Et de silence, il en sera question autour de cette table où ils prennent place au milieu de celles identiques dressées autour d’eux. Lorsqu’ils pénètrent l’un après l’autre dans la salle évoquant une brasserie de jardin, les spectateurs ont déjà pris place et sirotent distraitement le jus à la violette préparé à leur intention. On pourrait croire qu’il s’agit de deux autres pareils à eux si ce n’était un je-ne-sais-quoi qui les distingue des « invités » déjà attablés.

L’homme est visiblement harassé. Ses vêtements sont défaits, un pan de chemise s’échappe de son pantalon, ses chaussures délacées et maculées de boue séchée portent les traces des quelque huit cents kilomètres parcourus au gré des chemins de traverse. Il s’assoit lourdement n’ayant de cesse de s’asperger le visage de l’eau de la bouteille lui faisant face. La femme, elle, fait son entrée, sac à dos aux épaules, chien docile en laisse, et sourire aux lèvres.

Rires lourds du mystère de sous-entendus seulement déchiffrables par les deux protagonistes réunis par une histoire commune. Expérience particulière dont - seulement - des bribes seront délivrées comme des éclats de rire perçant les non-dits de deux connaissances complices. Et, si elle nous échappe dans sa narration factuelle, cette expérience « ordinaire » résonne au plus profond comme la présence en chacun de nous de l’inquiétante étrangeté attachée à l’humain.

Ils ne sont là pas tout à fait par hasard même si lui semble l’avoir oublié(e)… oublié autant le pourquoi de leur rencontre, ici et maintenant, que l’identité de son interlocutrice. Pourtant, il est au rendez-vous fixé et elle est venue à cet endroit pour lui faire une proposition. Lui faire part d’un projet qui aurait à voir avec son départ à lui, départ du théâtre et de tout.

Et c’est là, à cet endroit précis de la confusion ancienne, entre création et existence, que va se (re) nouer l’enjeu de leurs retrouvailles présentes… Quelque 24 ans auparavant, l’homme-acteur lui était apparu sous les traits d’un enfant alors qu’il endossait le travail d’un acteur, les défroques du comédien n’ayant pas pouvoir sur son identité, ne devant impérativement pas recouvrir la nature de son être. Et maintenant, il est là devant elle affirmant qu’il n’a plus envie de l’art, que la vie c’est différent, que c’est tout autre chose, comme s’il avait été « gagné » de l’intérieur par ce qui était au départ un choix purement artistique.
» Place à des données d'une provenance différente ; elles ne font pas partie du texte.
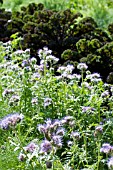 PHACELIA TANACETIFOLIA,  HARDY ANNUAL,  GREEN MANURE,  AGAINST BRASSICA OLERACEA REDBOR,  CURLEY KALE,  SEPTEMBER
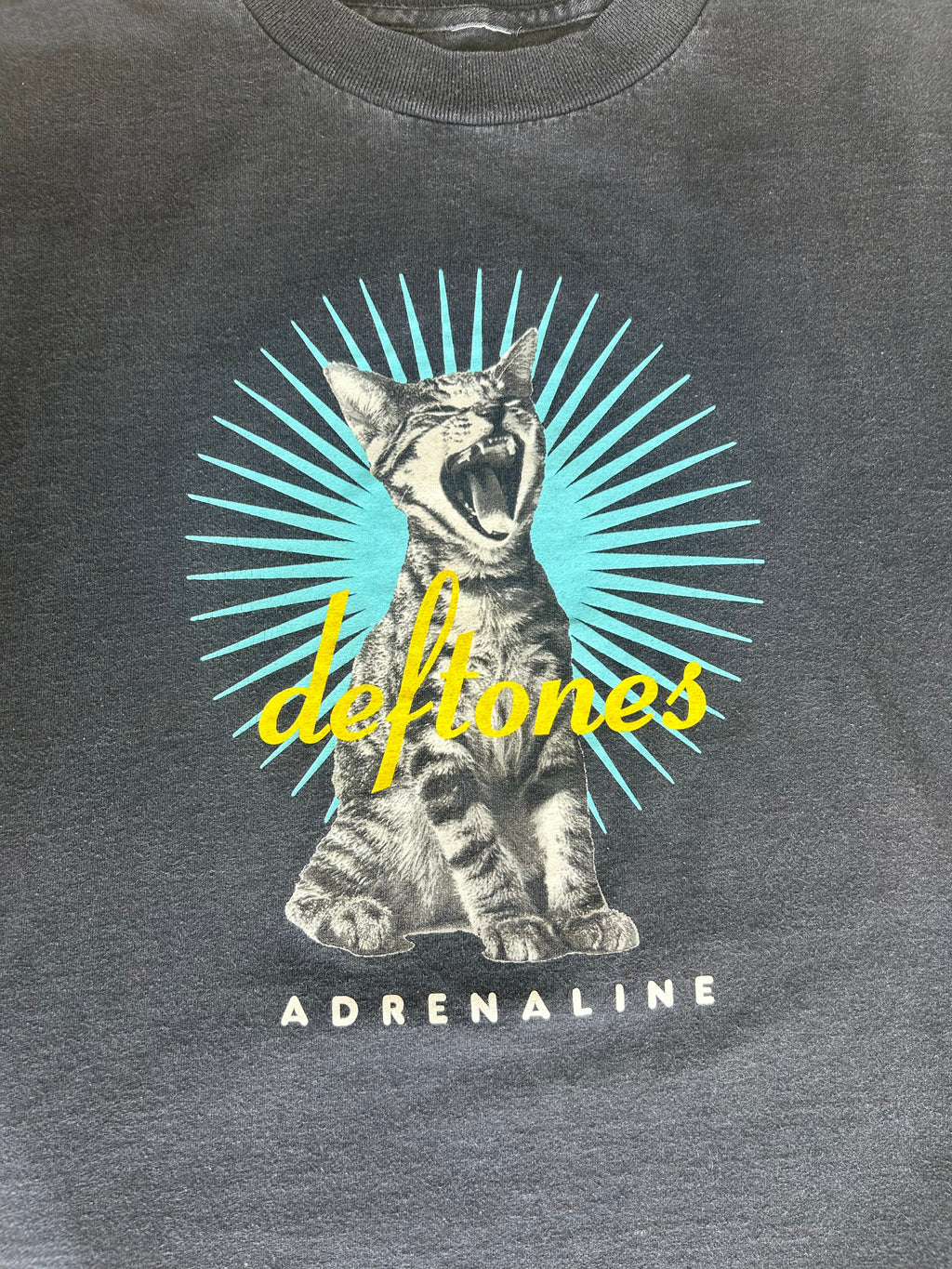 90’s Deftones Adrenaline Tee XL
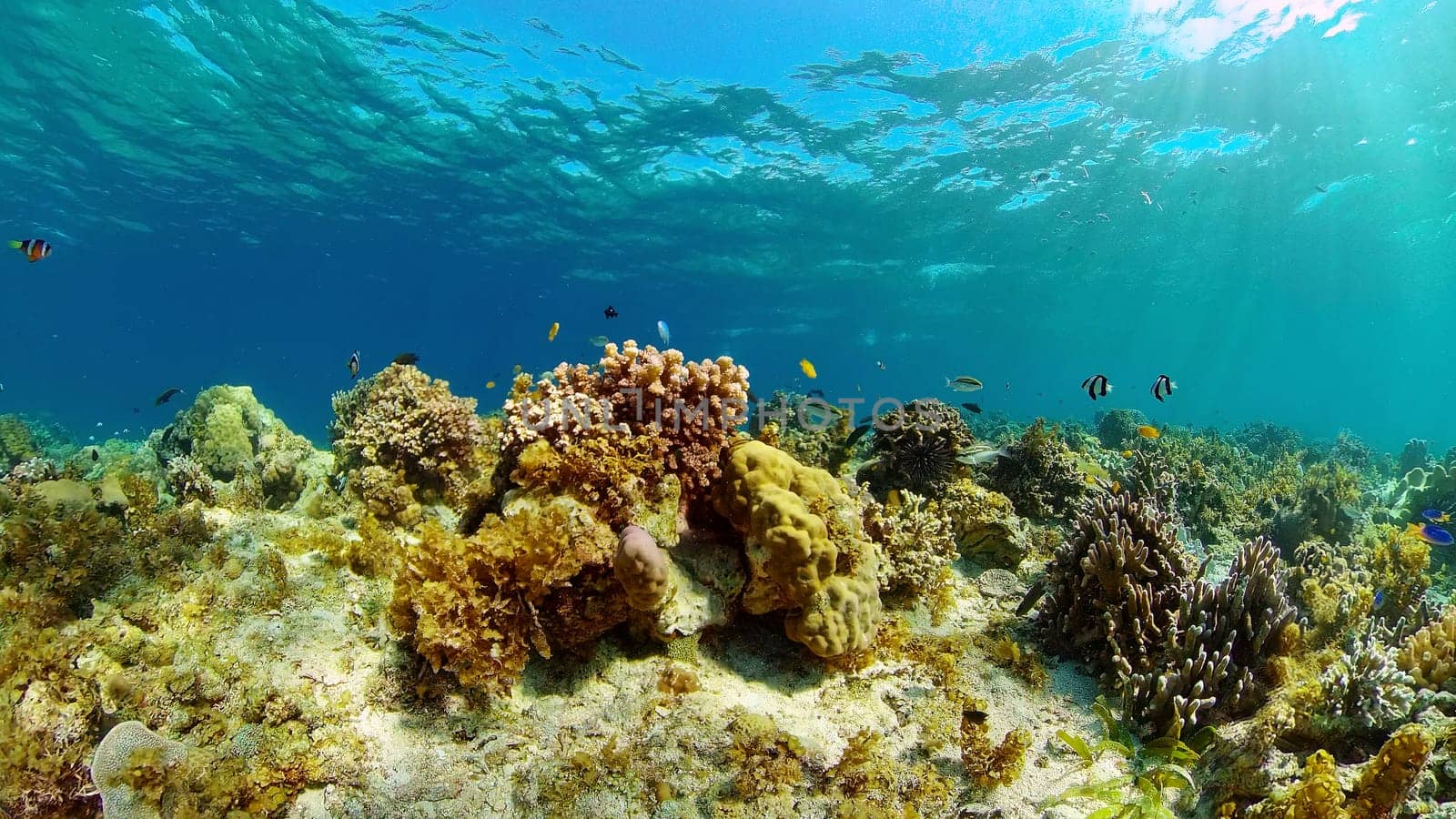 Reef coral scene. Colourful underwater seascape. Beautiful soft coral. Sea coral reef. Philippines.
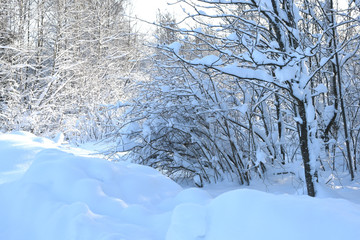 winter landscape with trees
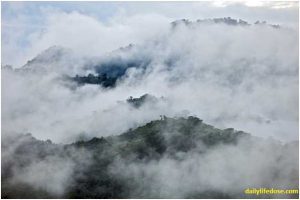 Cloud Forests Ecuador - Dailylifedose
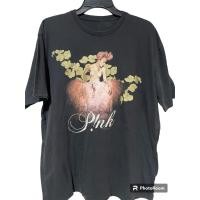 ราคา เสื้อทัวร์วง Pink ศิลปินหญิงเดี่ยวปี 2015 ของแท้มือสอง (25383764184)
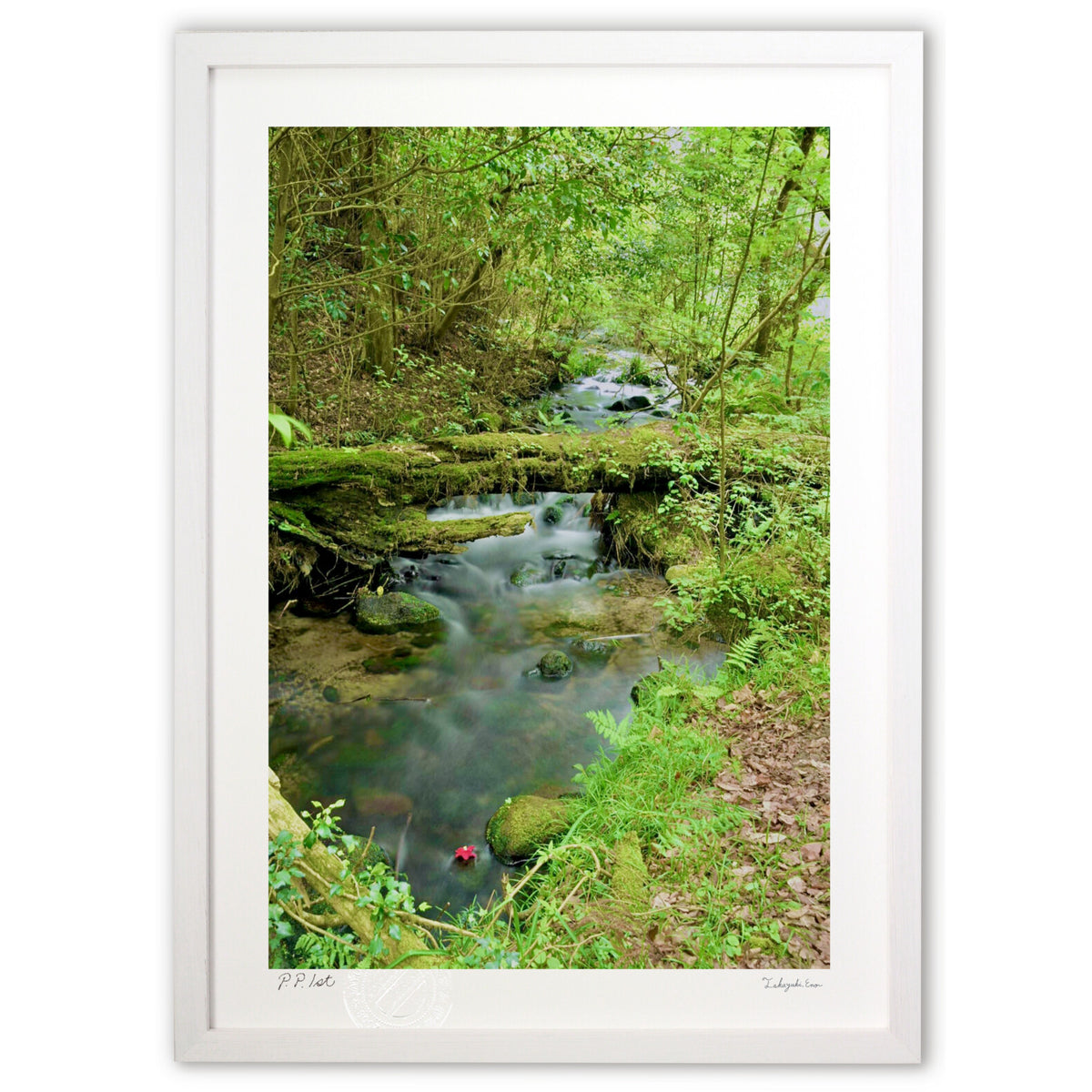 Spring Stream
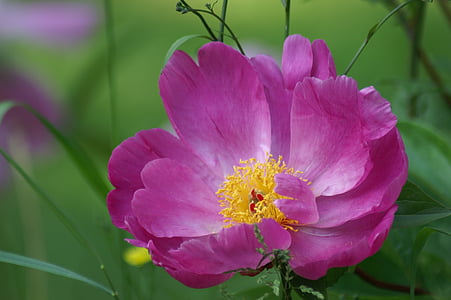 rosa blomst, petal, blomst, natur, hage, roseblader, fargen rosa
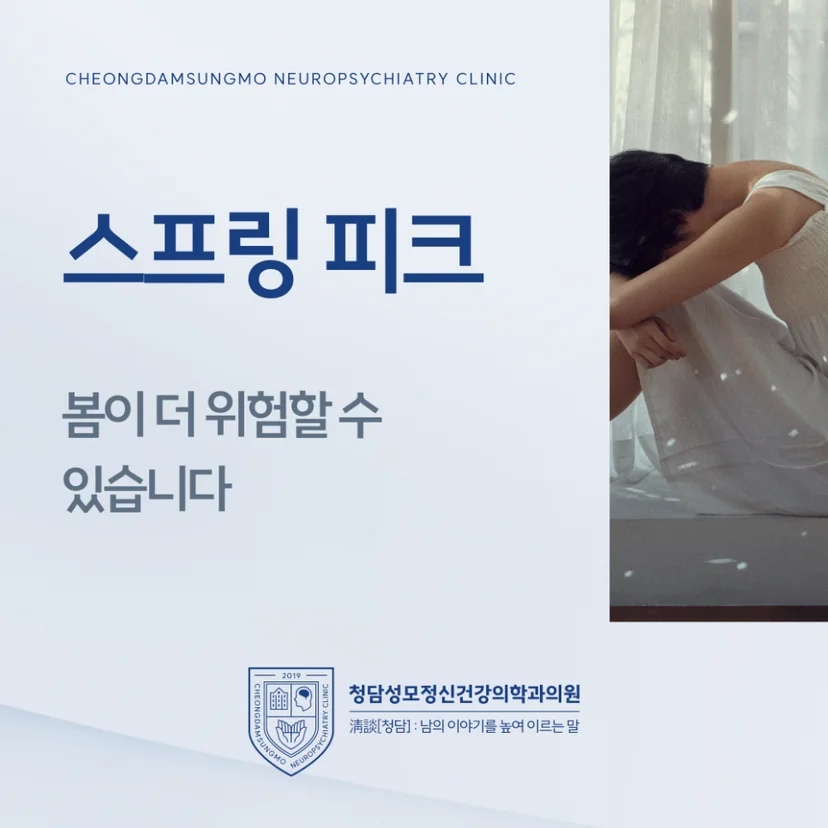 스프링 피크 표지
Réflexions sur l’art, métaphore de la vie qui, pour être pleinement soi, se doit d’échapper à l’entre-soi, le cheminement - au propre comme au figuré - de celui qui va reprendre la route pour être lui et non des doublures de lui-même le phagocytant, le conduit à se mettre en retrait de toute « représentation ». Le triptyque - l’être, l’acteur et le néant - en ne se refermant pas sur le volet central de l’art comme échappatoire, mais en choisissant la vie comme viatique, offre le « tableau vivant » d’une résurrection de l’être échappant au néant de la représentation.

Performance hautement troublante en milieu artistique - il y avait là réuni « sur invitation » le parterre théâtral de la région -, l’œuvre en gestation d’Yves Chaudouët convoquant les itinéraires croisés de deux « acteurs hors pair », Valérie Dréville et Yann Boudaud, se posant à eux-mêmes ces interrogations, ne pouvait manquer de faire mouche. En effet, l’intérêt suscité par cette forme hybride se situant délibérément aux confins de la (vraie) vie et du (vrai) théâtre, est la résultante de la problématique « mise en jeu » : laquelle, de l’existence et de sa représentation, précède l’autre ?

 

Article paru le 20 septembre 2019, La revue du spectacle.